↓
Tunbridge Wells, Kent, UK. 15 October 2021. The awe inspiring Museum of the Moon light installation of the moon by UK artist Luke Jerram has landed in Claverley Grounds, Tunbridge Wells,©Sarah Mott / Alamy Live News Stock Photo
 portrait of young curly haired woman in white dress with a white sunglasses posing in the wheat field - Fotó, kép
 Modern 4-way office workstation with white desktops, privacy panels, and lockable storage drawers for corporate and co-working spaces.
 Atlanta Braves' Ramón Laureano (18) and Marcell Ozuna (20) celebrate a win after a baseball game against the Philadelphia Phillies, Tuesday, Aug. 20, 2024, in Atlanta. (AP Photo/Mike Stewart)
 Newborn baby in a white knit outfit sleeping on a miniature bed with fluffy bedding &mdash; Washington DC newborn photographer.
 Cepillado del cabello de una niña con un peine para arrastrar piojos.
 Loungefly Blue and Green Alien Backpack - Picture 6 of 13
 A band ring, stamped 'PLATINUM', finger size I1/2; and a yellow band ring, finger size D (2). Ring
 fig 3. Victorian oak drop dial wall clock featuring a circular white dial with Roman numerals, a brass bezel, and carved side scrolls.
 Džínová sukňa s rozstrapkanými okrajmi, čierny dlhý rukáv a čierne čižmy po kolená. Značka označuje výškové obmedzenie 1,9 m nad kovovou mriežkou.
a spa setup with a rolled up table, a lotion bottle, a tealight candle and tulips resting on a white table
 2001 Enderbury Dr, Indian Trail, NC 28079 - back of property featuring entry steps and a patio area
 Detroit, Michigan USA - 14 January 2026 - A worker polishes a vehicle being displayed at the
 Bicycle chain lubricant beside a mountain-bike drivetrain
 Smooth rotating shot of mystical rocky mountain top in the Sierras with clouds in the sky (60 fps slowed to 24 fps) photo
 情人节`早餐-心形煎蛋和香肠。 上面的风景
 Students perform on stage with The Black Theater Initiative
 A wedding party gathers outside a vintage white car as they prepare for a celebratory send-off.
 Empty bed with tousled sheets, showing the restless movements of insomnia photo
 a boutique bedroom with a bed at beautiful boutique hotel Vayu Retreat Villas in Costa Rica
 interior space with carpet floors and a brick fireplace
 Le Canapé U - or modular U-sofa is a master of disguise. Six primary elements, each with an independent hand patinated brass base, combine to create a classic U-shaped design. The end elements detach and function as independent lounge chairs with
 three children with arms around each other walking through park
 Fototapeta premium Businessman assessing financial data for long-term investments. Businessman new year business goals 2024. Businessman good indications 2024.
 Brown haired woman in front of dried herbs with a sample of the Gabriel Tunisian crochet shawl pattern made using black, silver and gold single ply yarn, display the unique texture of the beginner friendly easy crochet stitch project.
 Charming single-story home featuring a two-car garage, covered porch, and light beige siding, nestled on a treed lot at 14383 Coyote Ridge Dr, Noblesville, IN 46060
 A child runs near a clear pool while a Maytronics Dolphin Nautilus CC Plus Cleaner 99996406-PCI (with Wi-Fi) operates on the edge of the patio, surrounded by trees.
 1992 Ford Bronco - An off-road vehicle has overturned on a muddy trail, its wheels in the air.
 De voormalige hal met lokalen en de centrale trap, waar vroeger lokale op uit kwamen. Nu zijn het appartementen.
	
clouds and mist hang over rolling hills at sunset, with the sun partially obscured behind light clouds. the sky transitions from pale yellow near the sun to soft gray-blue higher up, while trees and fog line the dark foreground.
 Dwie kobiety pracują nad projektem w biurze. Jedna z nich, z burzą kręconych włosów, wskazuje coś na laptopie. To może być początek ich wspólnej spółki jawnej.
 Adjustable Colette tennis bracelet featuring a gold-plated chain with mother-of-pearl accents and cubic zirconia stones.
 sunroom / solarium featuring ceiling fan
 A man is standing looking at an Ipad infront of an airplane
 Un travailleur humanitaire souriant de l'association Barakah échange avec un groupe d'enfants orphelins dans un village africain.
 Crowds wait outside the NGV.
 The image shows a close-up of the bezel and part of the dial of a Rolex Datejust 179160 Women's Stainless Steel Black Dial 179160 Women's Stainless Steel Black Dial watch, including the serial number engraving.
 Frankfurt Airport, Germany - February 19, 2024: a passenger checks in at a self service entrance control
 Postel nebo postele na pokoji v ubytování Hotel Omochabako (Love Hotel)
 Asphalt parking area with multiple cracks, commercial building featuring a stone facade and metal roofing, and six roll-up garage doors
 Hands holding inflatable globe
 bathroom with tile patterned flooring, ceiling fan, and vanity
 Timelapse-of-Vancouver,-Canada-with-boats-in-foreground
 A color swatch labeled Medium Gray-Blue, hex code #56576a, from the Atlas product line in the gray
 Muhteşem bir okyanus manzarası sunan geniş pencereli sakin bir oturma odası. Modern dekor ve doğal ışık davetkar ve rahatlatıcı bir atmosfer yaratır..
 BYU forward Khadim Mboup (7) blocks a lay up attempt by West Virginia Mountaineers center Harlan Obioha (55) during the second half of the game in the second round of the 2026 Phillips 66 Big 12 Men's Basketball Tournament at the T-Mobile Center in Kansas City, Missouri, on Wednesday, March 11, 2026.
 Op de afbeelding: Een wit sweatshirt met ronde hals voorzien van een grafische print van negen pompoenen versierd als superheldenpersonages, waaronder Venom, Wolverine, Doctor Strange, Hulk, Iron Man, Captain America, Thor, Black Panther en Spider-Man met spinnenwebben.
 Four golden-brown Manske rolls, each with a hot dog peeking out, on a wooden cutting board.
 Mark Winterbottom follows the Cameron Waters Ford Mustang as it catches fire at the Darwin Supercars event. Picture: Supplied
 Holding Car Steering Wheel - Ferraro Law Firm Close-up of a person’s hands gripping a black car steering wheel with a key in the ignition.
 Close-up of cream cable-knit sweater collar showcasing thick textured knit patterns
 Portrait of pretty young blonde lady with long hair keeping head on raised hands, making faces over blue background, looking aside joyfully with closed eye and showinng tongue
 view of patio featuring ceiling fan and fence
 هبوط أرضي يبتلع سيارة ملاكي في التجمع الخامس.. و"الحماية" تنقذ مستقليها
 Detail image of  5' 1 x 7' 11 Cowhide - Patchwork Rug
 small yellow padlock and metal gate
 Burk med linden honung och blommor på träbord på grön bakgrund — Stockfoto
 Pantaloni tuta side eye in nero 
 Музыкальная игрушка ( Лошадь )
↑
▶ _Work instruction_
Transcribe the records above from the line holding "sunroom / solarium featuring ceiling fan" down to the line holding "Portrait of pretty", inclusive, without adding anything.

▶ _Answer to this task_
 sunroom / solarium featuring ceiling fan
 A man is standing looking at an Ipad infront of an airplane
 Un travailleur humanitaire souriant de l'association Barakah échange avec un groupe d'enfants orphelins dans un village africain.
 Crowds wait outside the NGV.
 The image shows a close-up of the bezel and part of the dial of a Rolex Datejust 179160 Women's Stainless Steel Black Dial 179160 Women's Stainless Steel Black Dial watch, including the serial number engraving.
 Frankfurt Airport, Germany - February 19, 2024: a passenger checks in at a self service entrance control
 Postel nebo postele na pokoji v ubytování Hotel Omochabako (Love Hotel)
 Asphalt parking area with multiple cracks, commercial building featuring a stone facade and metal roofing, and six roll-up garage doors
 Hands holding inflatable globe
 bathroom with tile patterned flooring, ceiling fan, and vanity
 Timelapse-of-Vancouver,-Canada-with-boats-in-foreground
 A color swatch labeled Medium Gray-Blue, hex code #56576a, from the Atlas product line in the gray
 Muhteşem bir okyanus manzarası sunan geniş pencereli sakin bir oturma odası. Modern dekor ve doğal ışık davetkar ve rahatlatıcı bir atmosfer yaratır..
 BYU forward Khadim Mboup (7) blocks a lay up attempt by West Virginia Mountaineers center Harlan Obioha (55) during the second half of the game in the second round of the 2026 Phillips 66 Big 12 Men's Basketball Tournament at the T-Mobile Center in Kansas City, Missouri, on Wednesday, March 11, 2026.
 Op de afbeelding: Een wit sweatshirt met ronde hals voorzien van een grafische print van negen pompoenen versierd als superheldenpersonages, waaronder Venom, Wolverine, Doctor Strange, Hulk, Iron Man, Captain America, Thor, Black Panther en Spider-Man met spinnenwebben.
 Four golden-brown Manske rolls, each with a hot dog peeking out, on a wooden cutting board.
 Mark Winterbottom follows the Cameron Waters Ford Mustang as it catches fire at the Darwin Supercars event. Picture: Supplied
 Holding Car Steering Wheel - Ferraro Law Firm Close-up of a person’s hands gripping a black car steering wheel with a key in the ignition.
 Close-up of cream cable-knit sweater collar showcasing thick textured knit patterns
 Portrait of pretty young blonde lady with long hair keeping head on raised hands, making faces over blue background, looking aside joyfully with closed eye and showinng tongue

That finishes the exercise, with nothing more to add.